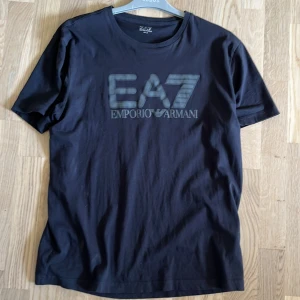 EA7 tshirt - Skick 8/10 Passar som M/L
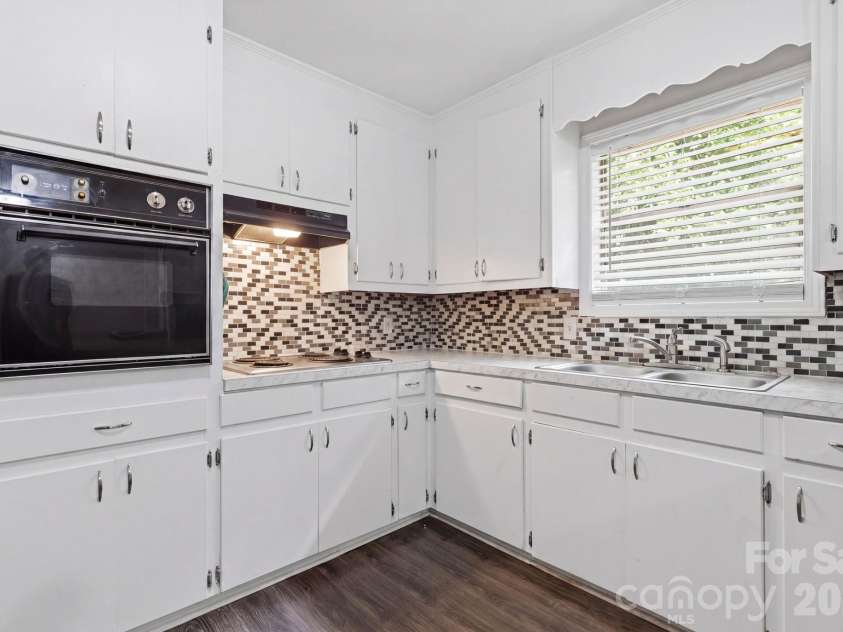 304 Shady Lane, Norwood, NC 28128.  MLS# CAR4386240, YatesRealty ID 34622. Kitchen
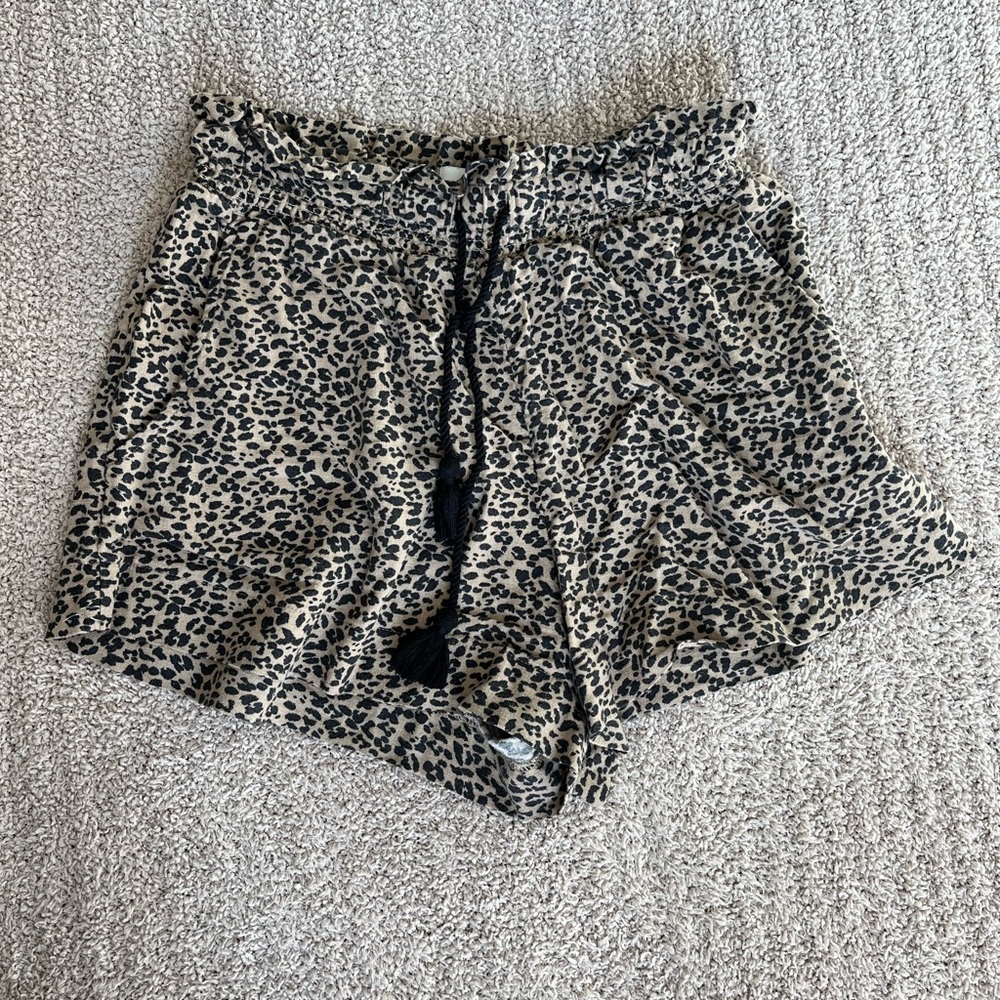 Leopard linen blend shirt with pockets!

········

Give back the material above exactly, with each picture removed.

 EA7 tshirt - Skick 8/10 Passar som M/L
 304 Shady Lane, Norwood, NC 28128.  MLS# CAR4386240, YatesRealty ID 34622. Kitchen
 Leopard linen blend shirt with pockets!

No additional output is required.